Pooling udder skin wipes to detect influenza in preweaning pigs

5

Preweaning pigs

This is a recent publication from the Torremorell’s lab refining the use of udder wipes to detect influenza in preweaning pigs. It is available in the Journal of Veterinary Diagnostic Investigation.

Key points

  • Pooling of three, five, and ten udder wipes was evaluated.
  • Sensitivity decreased if the Ct count was above 31.5.
  • Pooling more than three udder wipes can affect the ability to detect influenza virus.

 

Methods

This study used previously collected udder wipes tested by RT-PCR for influenza A and with known Ct-values. 0.1 mL of each sample was mixed with 0.2mL, 0.4mL and 0.9mL of negative udder wipe samples to create the pools of 3, 5 and 10 respectively.

Results

Sensitivity (%) and 95% CI in groups with low (<31.5) and high (≥31.5) initial cycle threshold (Ct) values, based on Ct values from undiluted samples (reference values).

Mixing the positive udder wipes in pools of 3, 5, and 10 resulted in sensitivities of 84.2%, 68.0%, and 63.0%, respectively and an increase in the Ct-values. While the sensitivity was not affected if the initial Ct-value was low (higher virus load), pooling significantly decreased the ability to detect influenza virus if the initial Ct-value was above 31.5 (low viral load). Polynomial regression showed that a 1:2 polling was enough to obtain a false-negative if the initial Ct-value is 34.

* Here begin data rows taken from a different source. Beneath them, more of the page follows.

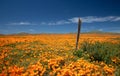 Rotting fence post in meadow of California Golden Poppies during springtime super bloom in southern California high desert Royalty Free Stock Photo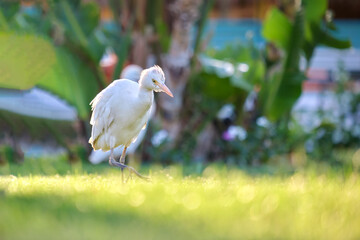 White cattle egret wild bird, also known as Bubulcus ibis walking on green lawn in summer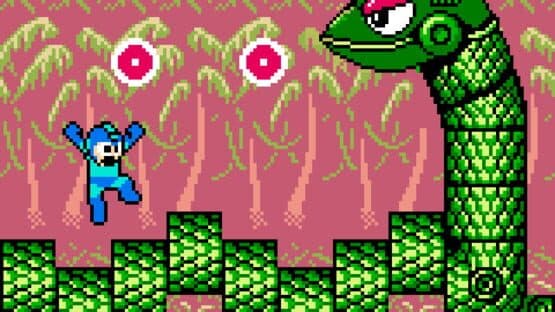 Mega Man World 3 DX — screenshot 2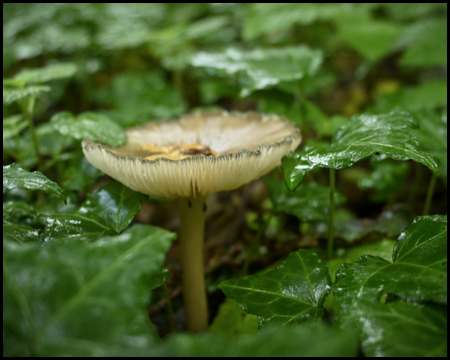 Pilz zwischen grünen Blättern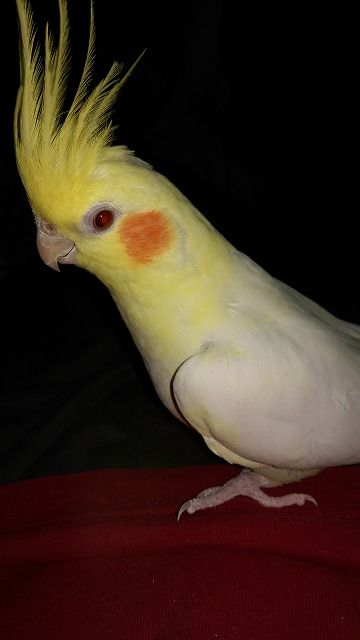 IMAG3109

The full publication can be read on the journal’s website at https://doi.org/10.1177/10406387211039462

Abstract

Influenza A virus (IAV) active surveillance in pigs prior to weaning is commonly conducted by collecting individual samples, mostly nasal swabs. Recently, the use of udder skin wipes collected from lactating sows was identified as an effective sampling method to indicate IAV status of suckling piglets prior to weaning. However, there is limited information on the effect of pooling multiple udder wipes on the ability to detect IAV. We evaluated the effect of pooling 3, 5, or 10 udder wipes on the sensitivity of detecting IAV and compared the results with testing the wipes individually. The likelihood of detecting positive udder wipes decreased with pooling when the initial positive cycle threshold value was ≥31.5; pooling of up to 3 samples could be performed without affecting sensitivity significantly. Our results support pooling of udder skin wipes to conduct surveillance of IAV in pigs prior to weaning.